- **Requirement**
Any picture must be dropped, but each line of the data should be duplicated exactly.

- **Data**
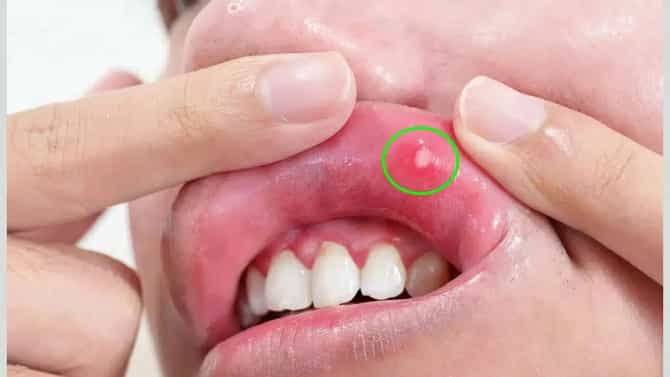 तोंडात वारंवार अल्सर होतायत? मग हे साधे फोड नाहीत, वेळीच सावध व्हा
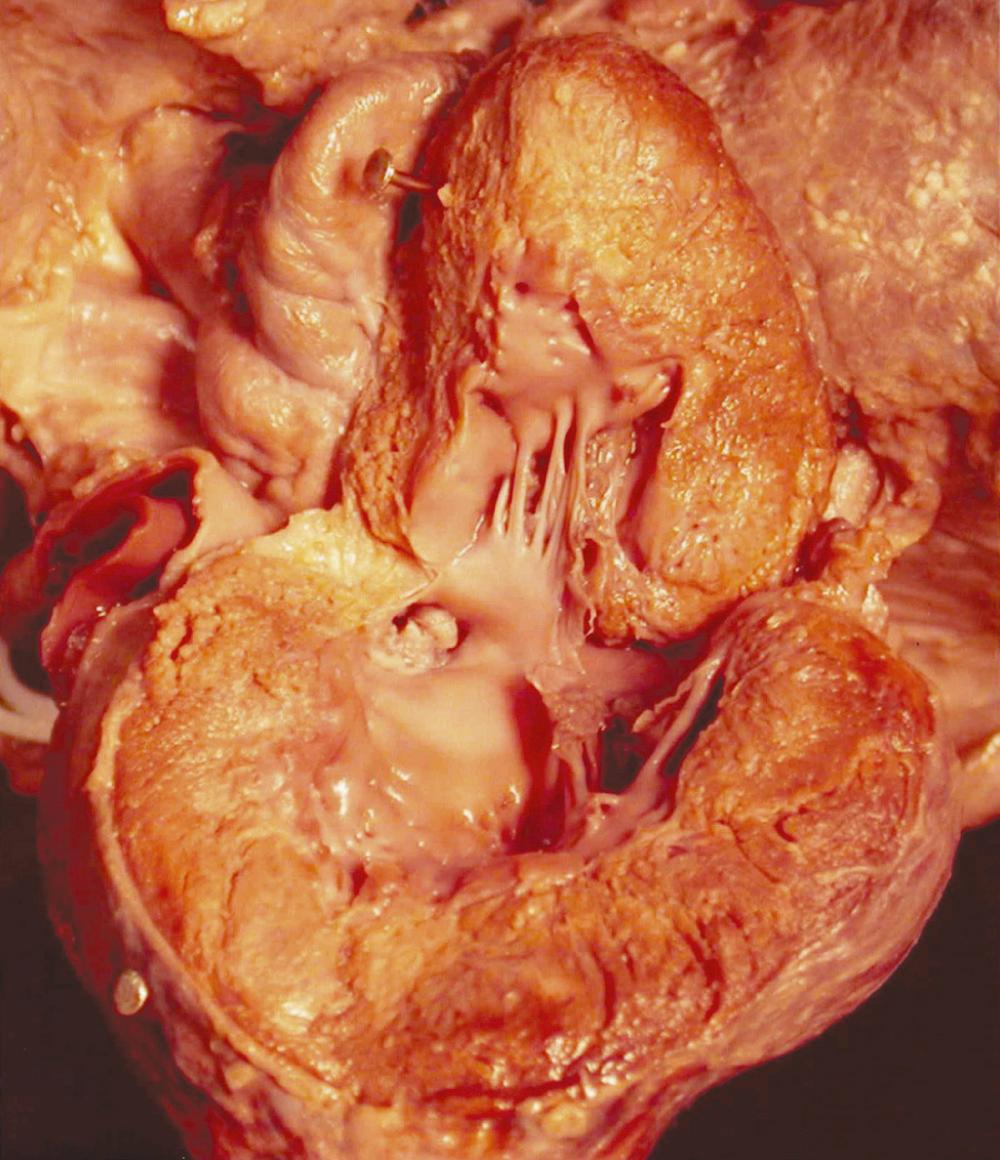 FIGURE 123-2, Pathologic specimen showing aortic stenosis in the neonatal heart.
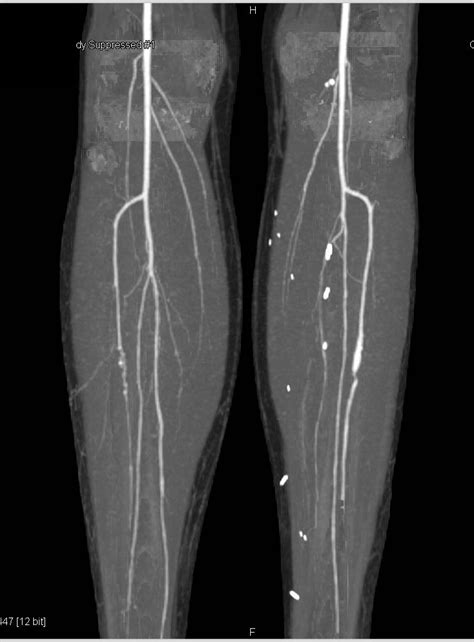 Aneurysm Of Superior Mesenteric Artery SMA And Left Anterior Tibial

- **Your solution**
 तोंडात वारंवार अल्सर होतायत? मग हे साधे फोड नाहीत, वेळीच सावध व्हा
 FIGURE 123-2, Pathologic specimen showing aortic stenosis in the neonatal heart.
 Aneurysm Of Superior Mesenteric Artery SMA And Left Anterior Tibial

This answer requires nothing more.